I am trying to debug a problem that has bugged us for the last few months.
We have set up a large storage system using GlusterFS, and XFS
underneath it. We have 5 RHEL6.2 servers (running
2.6.32-220.7.1.el6.x86_64 when problem last occurred), with LSI 9285-8e
Raid Controller with Battery Backup Unit. System memory is 48GB.
Over the few months we have it running, we experience two complete power
outage where everything went down for a long period of time.
After the system came back up, we found some files (between 1-10GB)
truncated. By truncated I mean the file sizes shrunk, and we lost the
tail of the files. Since the files were copied from another storage
system, we have the original to compare. Furthermore we have a cron job
that collect the file sizes once a day.
However, the troubling thing is, these files were all multiple days old,
and were not being written to or accessed at the time of the power outage.
Last week, I sensed some problems on the OS on one of the machines, and
so shut it down cleanly. And right after that, also upgraded the kernels
and rebooted all other 4 servers. After they all came back up, we
discovered truncated file again. I am sure the truncation occurred
within the 24 hours before or after the reboots since the file sizes we
had collected before the reboot differ from what we collected few hours
after the reboot. The file truncation occurred on the problematic
machine, and another one, which I have rebooted cleanly.
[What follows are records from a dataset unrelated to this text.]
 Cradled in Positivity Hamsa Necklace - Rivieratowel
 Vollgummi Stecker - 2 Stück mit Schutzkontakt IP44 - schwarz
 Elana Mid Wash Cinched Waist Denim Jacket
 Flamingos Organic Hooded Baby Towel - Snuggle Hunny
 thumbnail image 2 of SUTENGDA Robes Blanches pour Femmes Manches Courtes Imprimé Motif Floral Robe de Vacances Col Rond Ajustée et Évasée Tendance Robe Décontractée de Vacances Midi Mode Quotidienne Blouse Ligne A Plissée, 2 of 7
I tried to spend more time looking at the truncated files this time. I
found some of the smaller files actually got truncated to zero length.
I used xfs_bmap to look at the extend allocation, and saw that all of
them were using a single extent. So, by looking at the original file
size, and the start location of the truncated file, I tried to extract
the bits from the raw device, and saved it onto a different directory.
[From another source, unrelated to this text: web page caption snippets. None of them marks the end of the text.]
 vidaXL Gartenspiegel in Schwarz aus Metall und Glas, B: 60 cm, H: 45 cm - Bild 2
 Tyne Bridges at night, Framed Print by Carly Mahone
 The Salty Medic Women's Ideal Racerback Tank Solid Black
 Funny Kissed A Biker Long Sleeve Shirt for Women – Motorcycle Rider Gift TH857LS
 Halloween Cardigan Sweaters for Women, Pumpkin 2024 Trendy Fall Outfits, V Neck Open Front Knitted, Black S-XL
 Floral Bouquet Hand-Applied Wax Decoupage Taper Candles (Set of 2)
Something like this: dd if=/dev/hdc of=/u1/recovered bs=1
To my amaze, after I wrote the file out this way (assuming the complete
file were also occupying one single extent), the checksum matches the
original file which resides on the server where I had copied the file from.
These are my questions:
- Under what possible circumstances would the updated inode not written
to the disk, if the content of the file are already on disk?
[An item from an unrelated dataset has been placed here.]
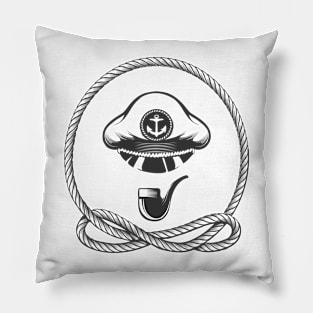 Captain Hat with Smoking Pipe Nautical Emblem Pillow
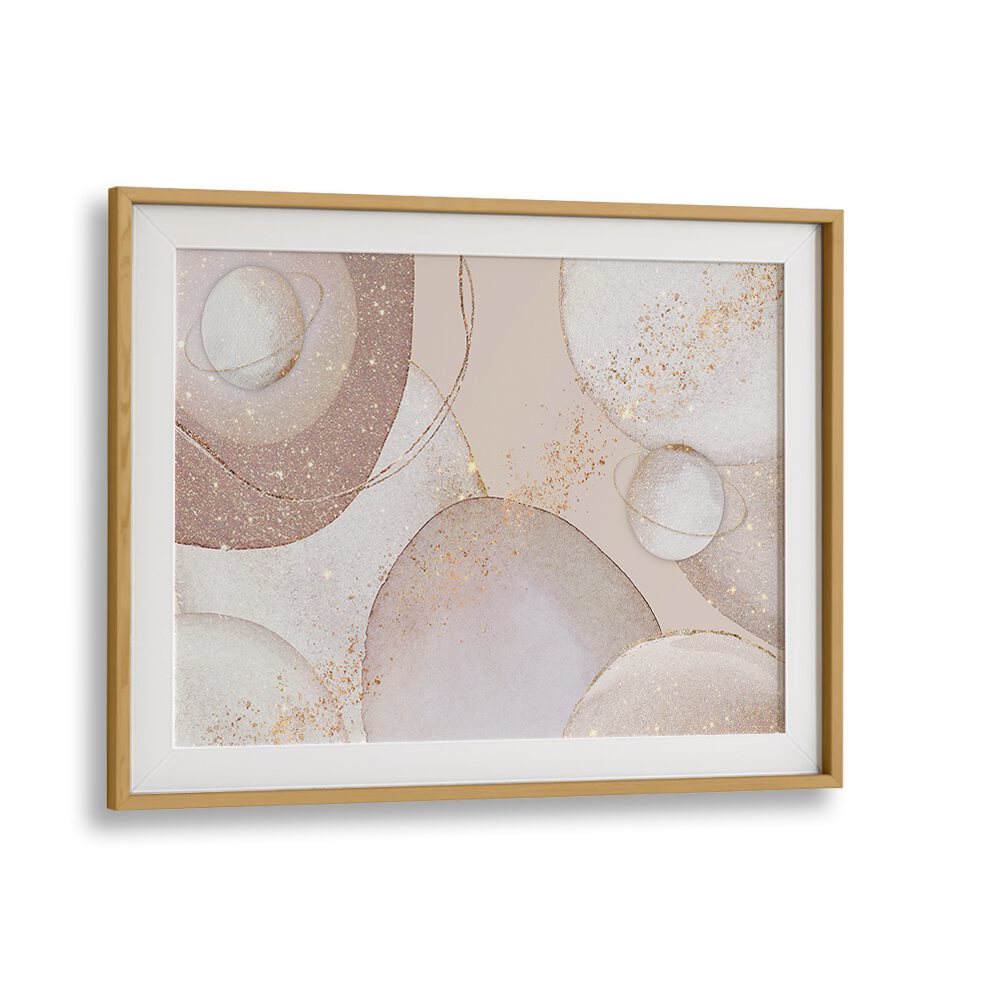 Stunning GOLDEN GALAXY, ABSTRACT PAINTINGS featuring elegant shapes and soft hues, perfect for elevating home decor.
- I tried to use block dump to debug while trying to reproduce the
problem on another test box. I notice xfssyncd and xfsbufd don't cause
data and inode to be writen to disk. It seems after a file is written,
data and dirtied inode are written to disk only when flush wakes up.
Does xfssyncd/xfsbufd only responsible for moving stuff to the system cache?
- Can all the flush processes die, or cease to work on a system and
still allow the system to function?
I have been trying to reproduce the problem on a test box for the last
few days but unsuccessful, except I see truncations on file newly
written, and not yet flushed to disk when I reset the test box. It seems
XFS is doing everything right. I tried writing through Gluster layer,
and writing directory to the XFS file system and see no different in
behavior. I would really like to get some ideas what else to look.